Beitragvon Blattspitze » 17.11.2019 01:46

Monolith hat geschrieben:... ein gutes Beispiel dafür, wie die Archäologie immer wieder benutzt wird, um Lokalpatriotismus und Nationalstolz zu füttern. Ich mag das nicht und es ist auch einfach unwissenschaftlich. Von einer Landesarchäologin hätte ich anderes erwartet...


Naja, sie ist eben nicht frei, sondern Landes-archäologin. Sie ist direkt der Politik verantwortlich, und Politik ist sehr unwissenschaftlich.
"Das LfA ist ein Staatsbetrieb im Geschäftsbereich des Sächsischen Staatsministeriums für Wissenschaft und Kunst.
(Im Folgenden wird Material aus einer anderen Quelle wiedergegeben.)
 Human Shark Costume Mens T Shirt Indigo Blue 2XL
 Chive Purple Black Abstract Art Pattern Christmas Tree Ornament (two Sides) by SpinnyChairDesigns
Seine Aufgaben sind die Dokumentation, der Schutz und die Präsentation archäologischer Denkmale im Freistaat Sachsen."
https://www.lfa.sachsen.de/
Bei überregional Aufsehen erregenden Themen wird erwartet, das man für sich trommelt. Nur mit Verweis auf Erfolge läßt sich auch der stets neu zu verhandelnde Etat vergrößern, bzw. verteidigen.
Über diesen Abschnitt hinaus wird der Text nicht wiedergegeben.